出でよ、資本主義的人間
運営者 しかし、日本では市場の失敗がもしあったとしても、それを補完するための財政が660兆円もの赤字を抱えるに至っている。これをもってしても政府を相変わらず信頼し、なおかつ政府も財政出動の正当性を主張するというのは、経済的には正統性を欠く議論だと私は思いますよ。
三ツ谷 ただ彼らが非常に巧妙に仕掛けているのは、「この10年、市場原理主義に移行しようとして規制緩和を目指して経済がうまくいかなくなったからこそ財政が出動して、その結果赤字が増えた」というんですね。「この10年間進んだ市場原理主義的な言説が財政を拡大させてしまったんだ」という言い方をするんです。
運営者 そこまで言いますか。相手をするだけ時間の無駄ですね。
三ツ谷 そういう議論を立てている人が結構いるんですが、赤字が増えたのは市場原理主義を不徹底に導入したからなんですよ。もし市場原理主義を徹底的にやってみると経済機構の矛盾がはっきりと出てくるので、ある時期失業率は増えるでしょうし、社会不安に近い状態になったかもしれません。ただ膿はすべて出てしまうので、その後は個人個人が自分に向かい合って、自分自身で規律をつけて資本主義的な人間に生まれ変わって戦いに行くことができたはずなんです。
運営者 まったくその通りだと思いますね。
三ツ谷 となれば、財政は回復して、ここまで赤字をため込むことはなかったと思います。
運営者 野中先生がおっしゃるようにもし「知」が価値を生むのであるならば、個人個人のディシプリンが重要なんですよ。「自分」がなければ、何かを生み出すということはできないわけですから。

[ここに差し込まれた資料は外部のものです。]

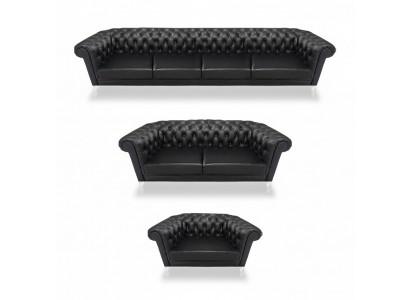 Schwarze Chesterfield Ledergarnitur Designer 4-Sitzer Zweisitzer Sessel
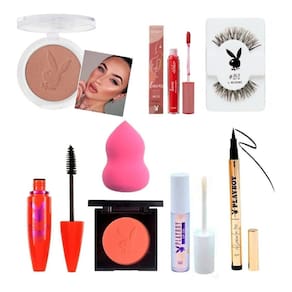 Kit Maquiagem Completo Playboy Batom Liquido Esponja Cílios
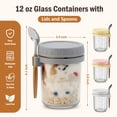 thumbnail image 2 of Recipientes de vidrio para avena con tapa y cuchara – Tarros herméticos para el desayuno, ideales para yogur, pudín de chía y preparación de comidas – Tarros de vidrio transparente con cierre seguro, 2 of 5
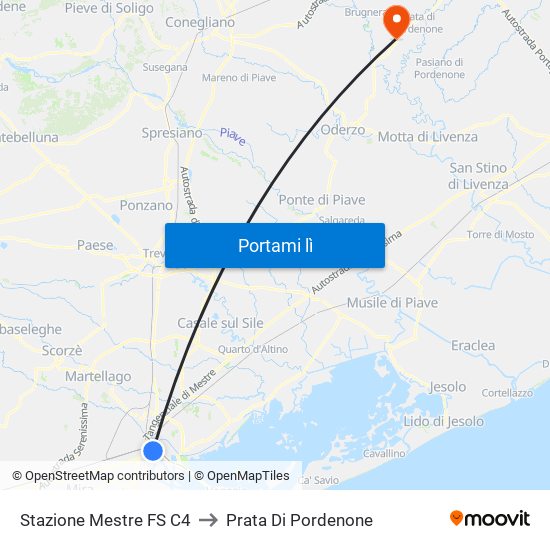 Stazione Mestre FS C4 to Prata Di Pordenone map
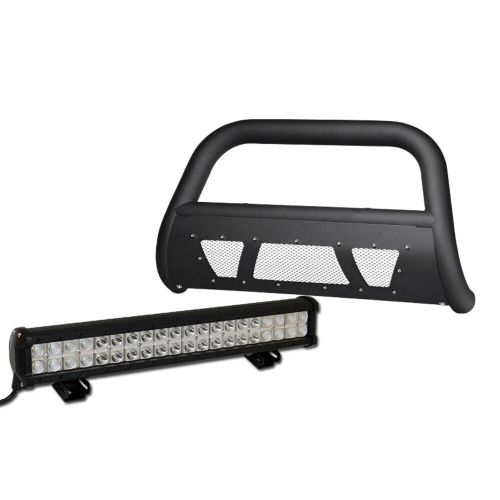 Topline for 08-10 grand cherokee matte blk studded mesh bull guard+120w led bar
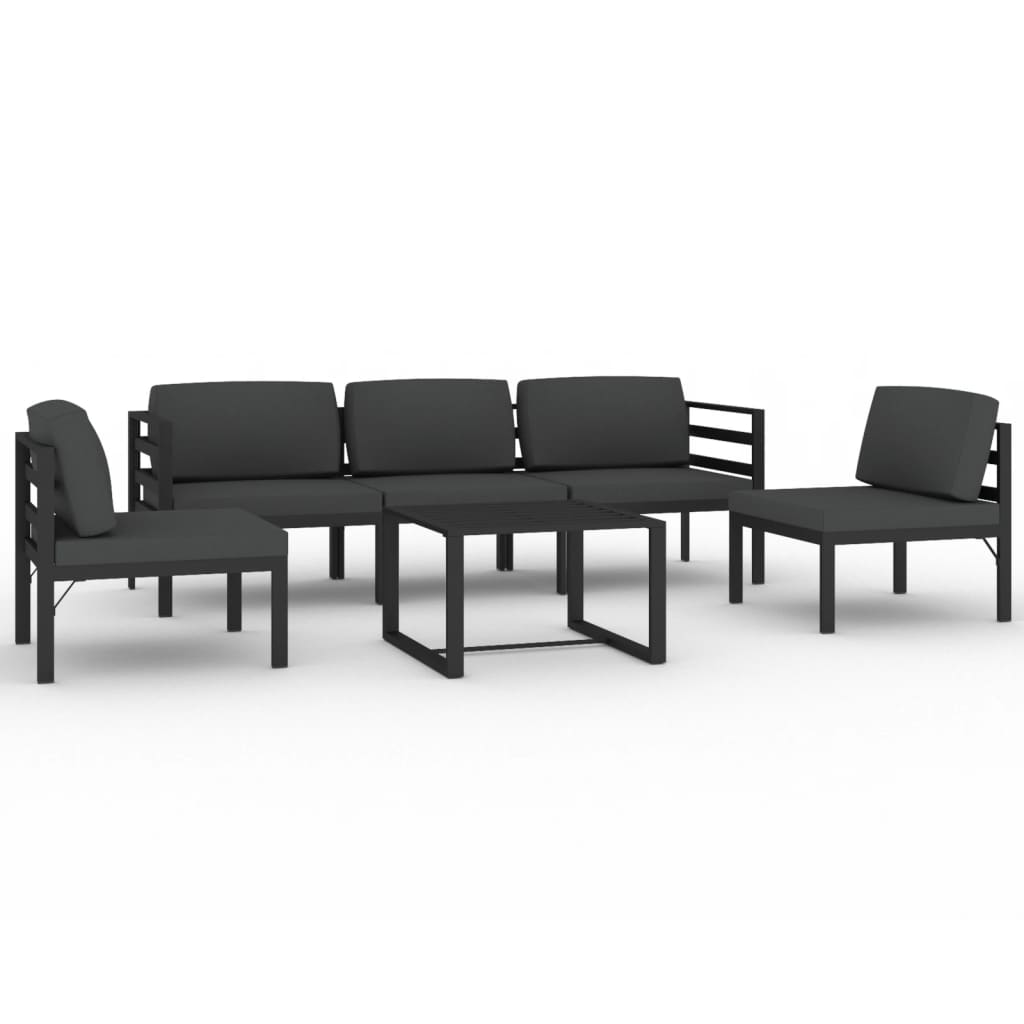 Ensemble Lounge 7 pièces avec coussins en aluminium anthracite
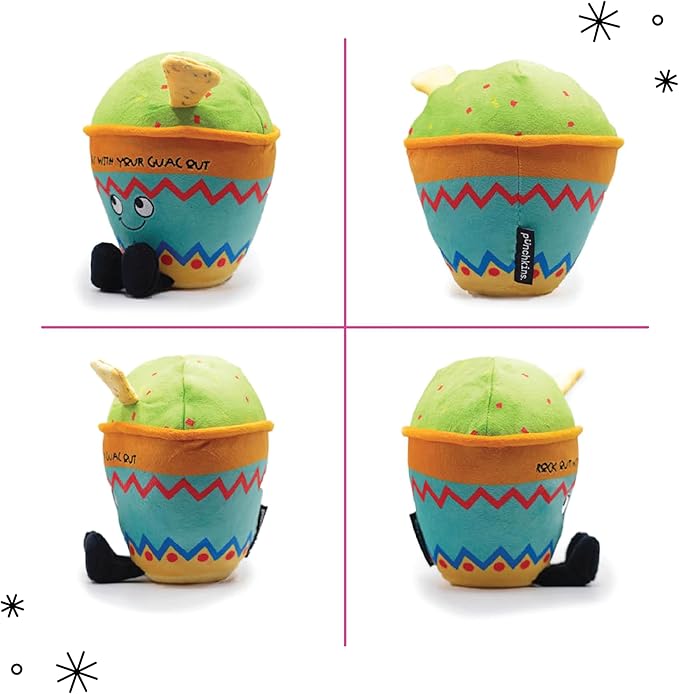 Guacamole Plushie - Rock Out with Your Guac Out Cute Guacamole Plush, Gift for Avacado Lovers, Food Plush Toy for Gifting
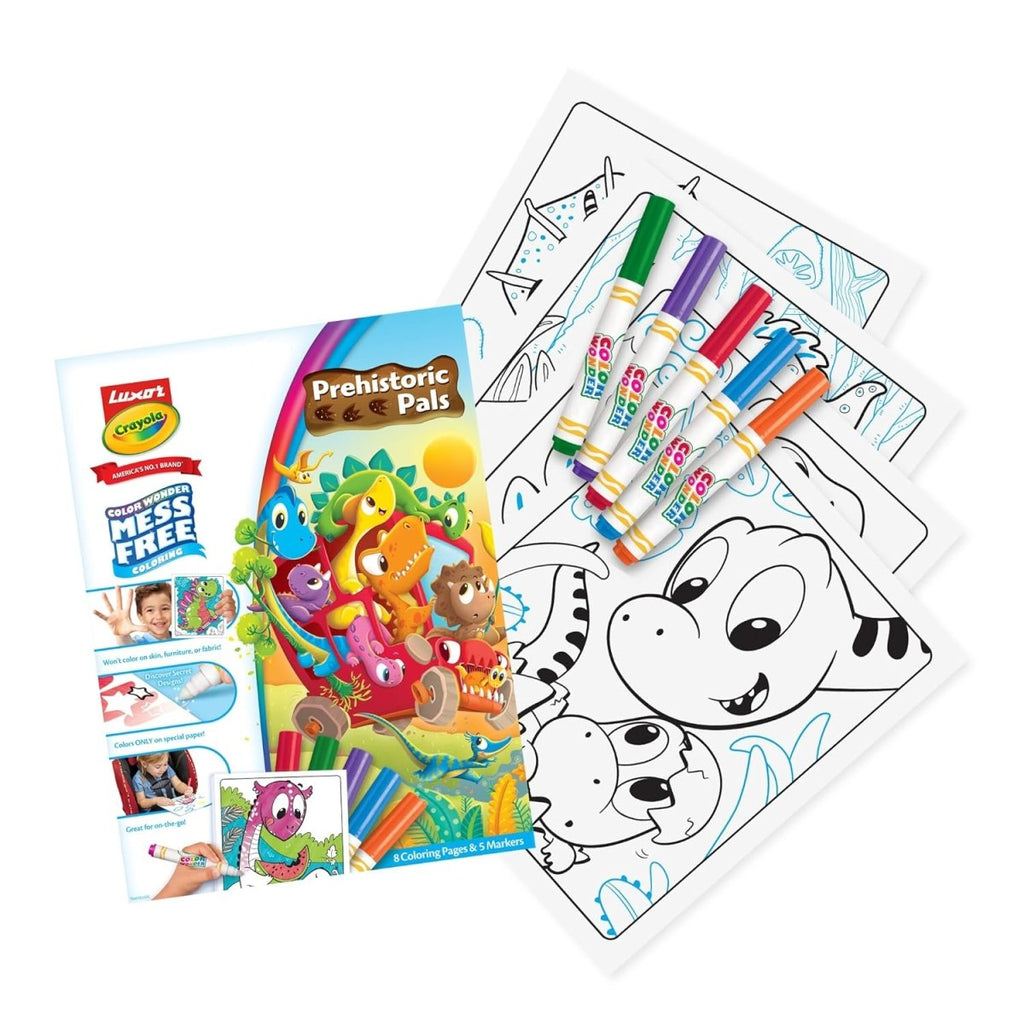 Luxor Crayola Color Wonder Dino Coloring Kit – Mess-Free Markers for ...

僕だって、組織の中で順当に手柄をあげて出世していくというのは面白いと思っていましたよ。だけどね、市場的な発想をすると、自分が身につけた専門能力を市場がもし評価することができるならば、「じゃあお前この仕事やってみろ」ということになるわけじゃないですか。現実的に僕のところにはいろいろな仕事のオファーがあるし、それを受けたり断ったりして私は生きているわけです。んー、ほとんどお断りしてして、誠に申し訳ないと思っていますが。
そうするとですね、組織の中で着々と点数を稼いでいくという生き方に対して、僕自身はあまり価値を感じることができなくなっているんです。能力さえ蓄えていけば、市場の評価によってその能力を移転することは、どんな人でも可能だと思いますよ。
それから、反市場的な反応が、先祖返り的な、あるいは保守反動的な政治傾向を生むのではというお話がありましたが、市場主義の優位の非常に大きな要因として、経済的な視点では市場というのは非常に有効であるということがあると思うんです。資産を保有するときに、国際分散投資が基本であるということを何年か前に教わったんです。なるほどそうだなと。資本市場がもしちゃんと機能しているのであれば、長期的にみれば株式市場のインデックスは必ず上昇するはずです。分散投資しておけばリスクがヘッジされて資産を損耗することはないと。最初はそうかなあと思ったのですが、でもまあそうですよね。それが近代投資理論というやつですか、理屈をちゃんと知らないもので。
じゃあそれであれば、資産を持っている人は市場主義に組みすることができそうだなと思いました。そうするといざというときにはそれに反することを考えて持たざる側の人々にアピールし、団結させる勢力が出てくるのでしょうが、だけど果たして彼らがそうした反市場主義的な行動に経済合理性があると考えるかどうかというと、そこまでバカじゃないんじゃないかなという感じがするんですけど。